▸ Prompt:
Your copy should match the listing below exactly, except that it holds no images.

▸ Record extracts:
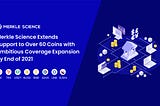 Merkle Science Extends Support to Over 60 Coins with Ambitious Coverage Expansion by End of 2021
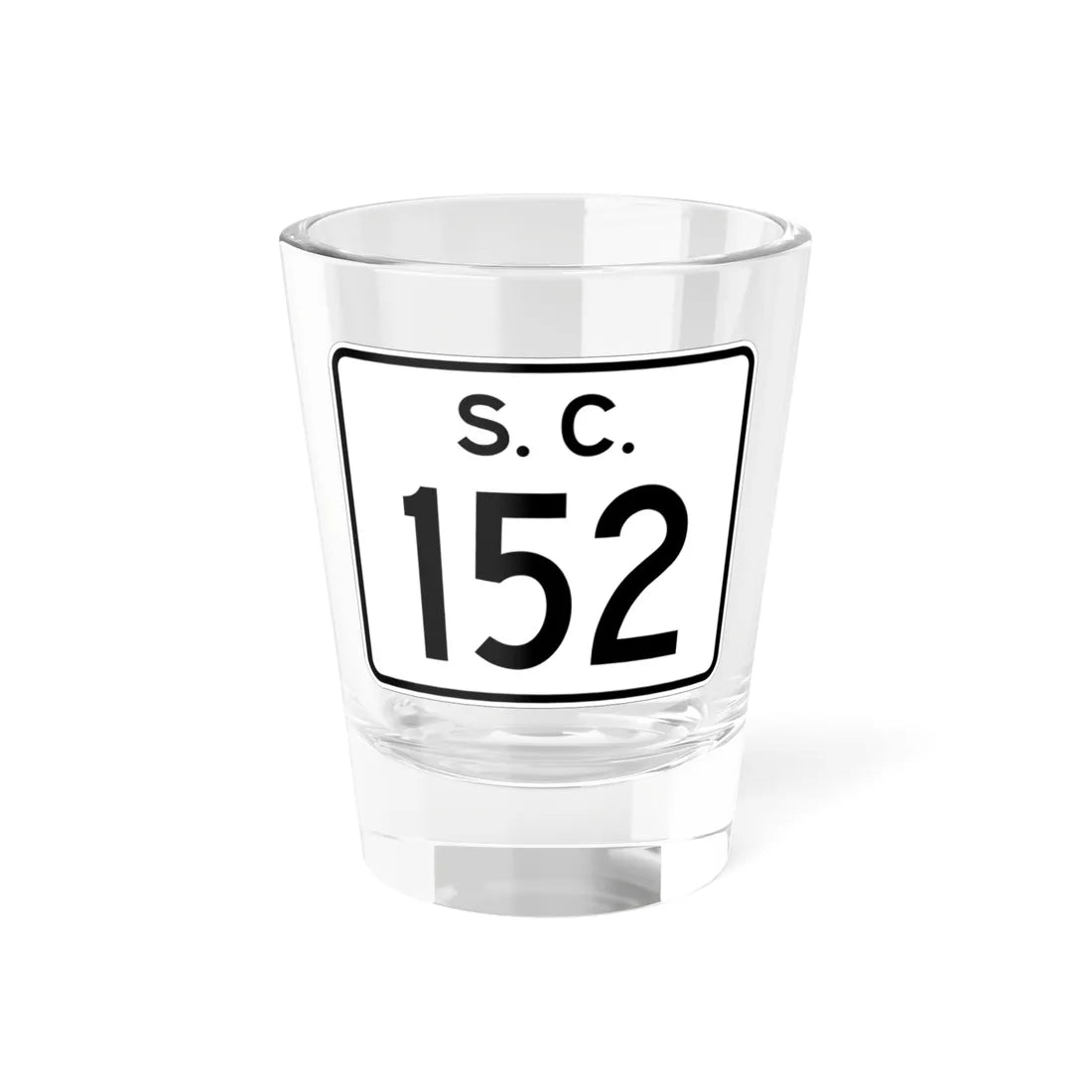 SC-152 (South Carolina) (Road Sign) Shot Glass 1.5oz 1.5oz - Go Mug Yourself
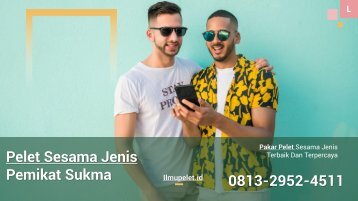 0813-2952-4511 Rahasia Ampuh Ilmu Pelet Sesama Jenis Untuk Memikat Pria Gay Atau Normal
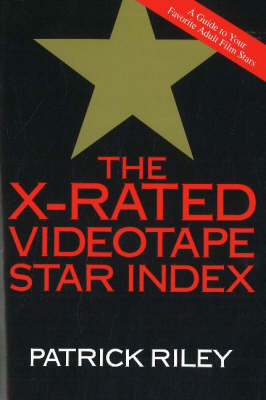 The X-Rated Videotape Star Index (Paperback)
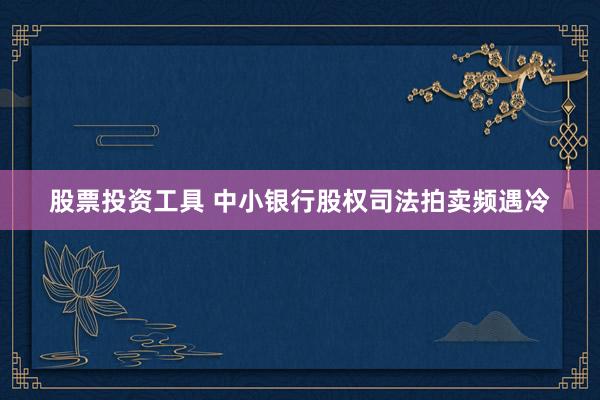 股票投资工具 中小银行股权司法拍卖频遇冷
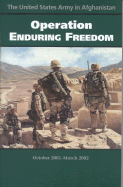 United States Army in Afghanistan: Operation Enduring Freedom, October 2001-March 2002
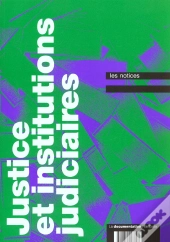 Justice Institutions Judiciaires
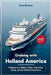 Cruising with Holland America 2026: An Immersive Guide to Ships, Itineraries, Dining, and the Onboard Experience by Evan Rowan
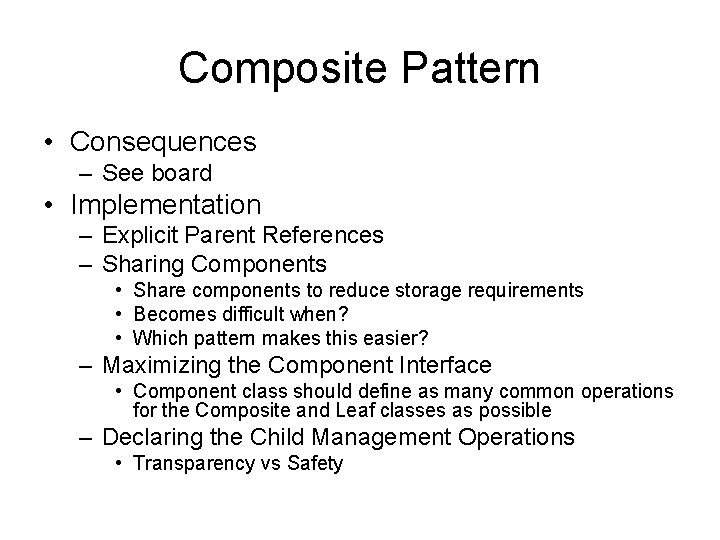 Composite Pattern • Consequences – See board • Implementation – Explicit Parent References –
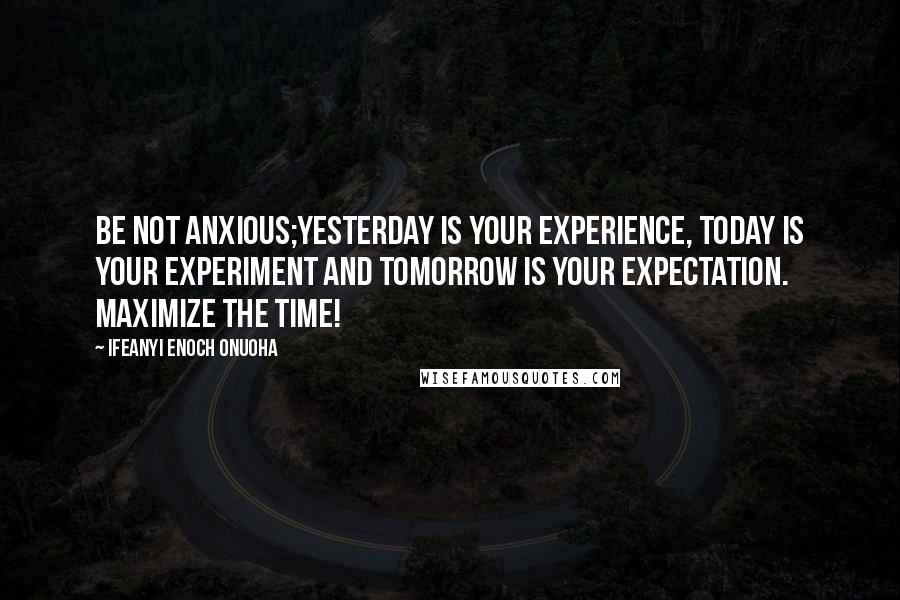 Ifeanyi Enoch Onuoha Quotes: Be not anxious;yesterday is your experience, today is your experiment and tomorrow is your expectation. Maximize the time!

▸ Exercise response:
 Merkle Science Extends Support to Over 60 Coins with Ambitious Coverage Expansion by End of 2021
 SC-152 (South Carolina) (Road Sign) Shot Glass 1.5oz 1.5oz - Go Mug Yourself
 0813-2952-4511 Rahasia Ampuh Ilmu Pelet Sesama Jenis Untuk Memikat Pria Gay Atau Normal
 The X-Rated Videotape Star Index (Paperback)
 股票投资工具 中小银行股权司法拍卖频遇冷
 United States Army in Afghanistan: Operation Enduring Freedom, October 2001-March 2002
 Justice Institutions Judiciaires
 Cruising with Holland America 2026: An Immersive Guide to Ships, Itineraries, Dining, and the Onboard Experience by Evan Rowan
 Composite Pattern • Consequences – See board • Implementation – Explicit Parent References –
 Ifeanyi Enoch Onuoha Quotes: Be not anxious;yesterday is your experience, today is your experiment and tomorrow is your expectation. Maximize the time!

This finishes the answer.